Perioral dermatitis, more accurately also known as periorificial dermatitis
Describe the clinical features of this disorder.
Perioral dermatitis is a common transient, recurrent or persistent rash affecting the muzzle area, hence its name. However, like seborrhoeic dermatitis, it often also affects skin adjacent to the eyes or nose. It appears more common in those with fair-skin and is particularly prevalent in women in their 20's and 30's. It is nearly always provoked or aggravated by face creams, especially topical steroids.
Periorificial dermatitis is characterised by clusters of small papules and surrounding erythema.. The skin surface may be scaly, and occasionally vesicles or tiny pustules develop. Typically, 5-10mm skin adjacent to the vermilion of the lips is unaffected and may appear as a white
ring. Symptoms vary from none to itch and burning discomfort depending on the severity and extent of the eruption.

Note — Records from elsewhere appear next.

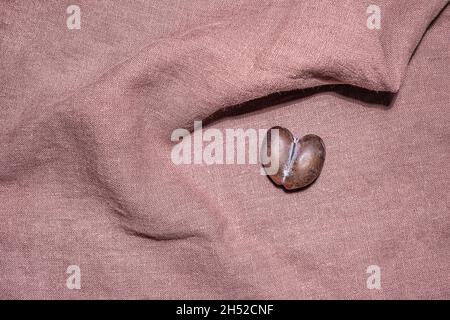 Malformed ripe brown and blue heart shaped plum with crack in middle on soft textured lilac linen material folded in unusual way as to catch the fruit Stock Photo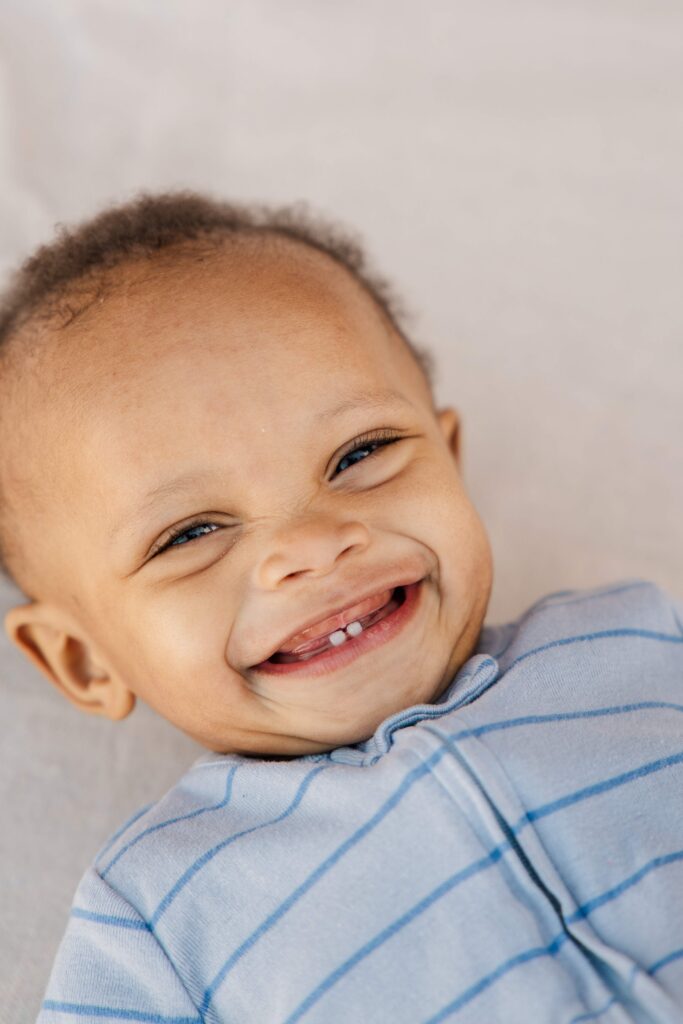 Baby lays on the ground and laughs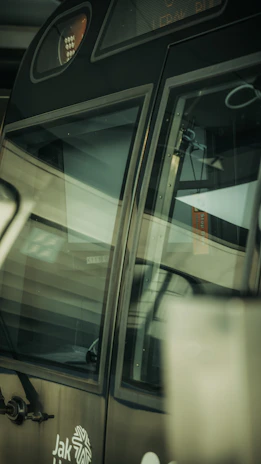 Close-up of a finely crafted vinyl wrap on a tram, blending artistic design with commercial messaging.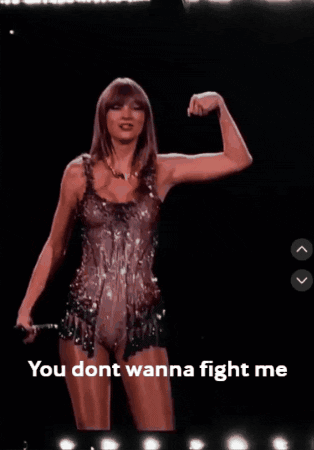 A Picture Of Taylor Swift Flexing Her Muscles With The Words You Dont Wanna Fight Me Below Her GIF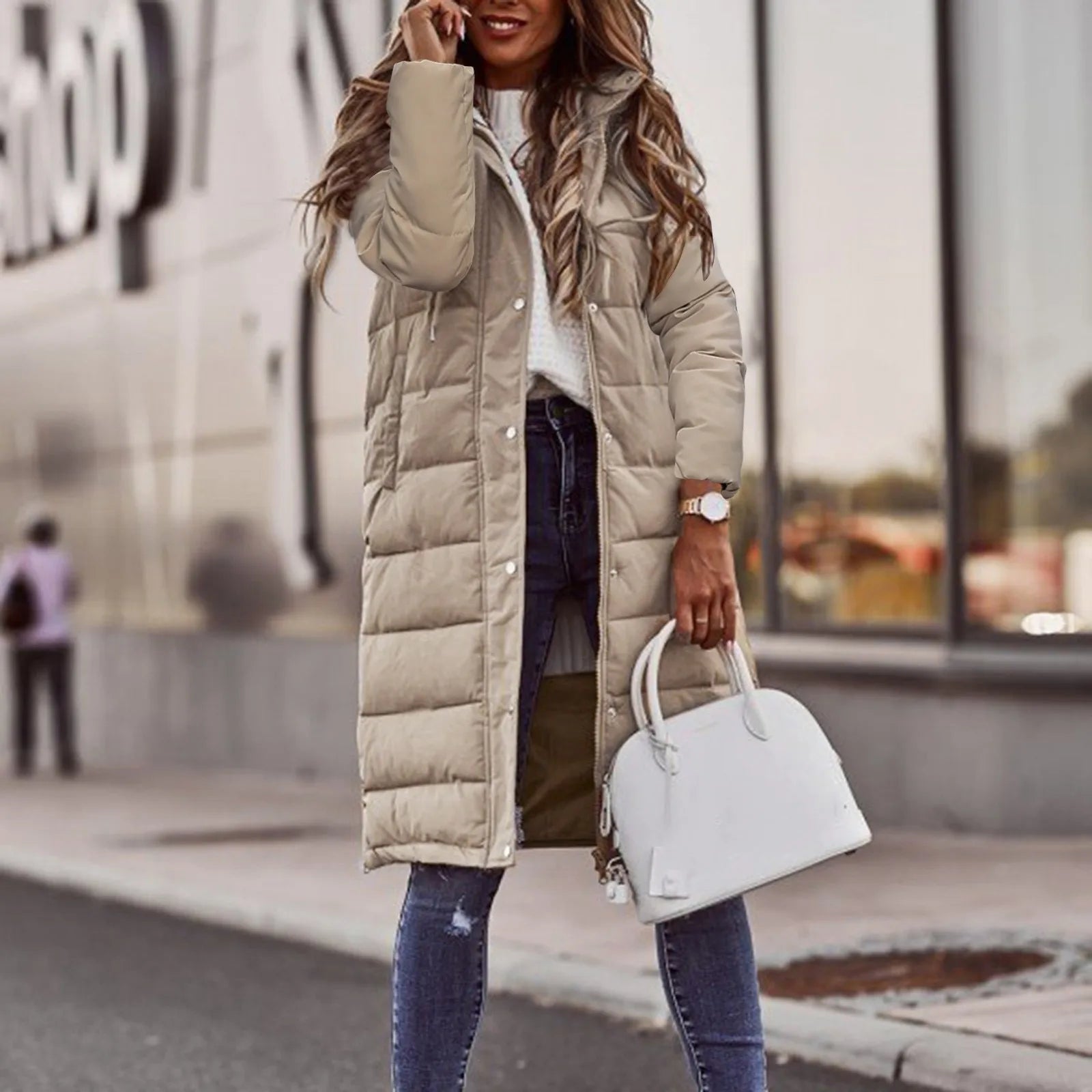 Padded long coat with quilted panels and snap button closure, regular fit, women, worn outdoors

Which laboratory tests are helpful, if any?
The diagnosis of facial rashes is nearly always made clinically. Occasionally swabs (negative) or skin scrapings are taken. The latter is usually negative, but sometimes malassezia yeasts are found.
What treatment would you recommend?
Tell your patients to cleanse the face twice daily with mild soap or non-soap non-cream cleanser and water. Emollients are not helpful and may aggravate perioral dermatitis. Patients often demand them however to relieve dryness and stinging; recommend they choose non-oily products including sunscreens.
Oral anti-inflammatory antibiotics such as tetracycline 250-500 mg, doxycycline 100mg daily or minocycline 100mg daily for 4-12 weeks are very reliable. Use erythromycin in pregnancy, if treatment is essential. A longer course may be required for longstanding cases with persistent erythema, and it may need to be repeated for flare-ups.
Topical agents are not very effective for perioral dermatitis and in general are best avoided. Erythromycin, metronidazole or azelaic acid preparations may be helpful if oral treatment is contraindicated. If a topical steroid has been used, warn of a possible flare-up on stopping and if necessary continue a milder product at decreasing intervals over two or three weeks.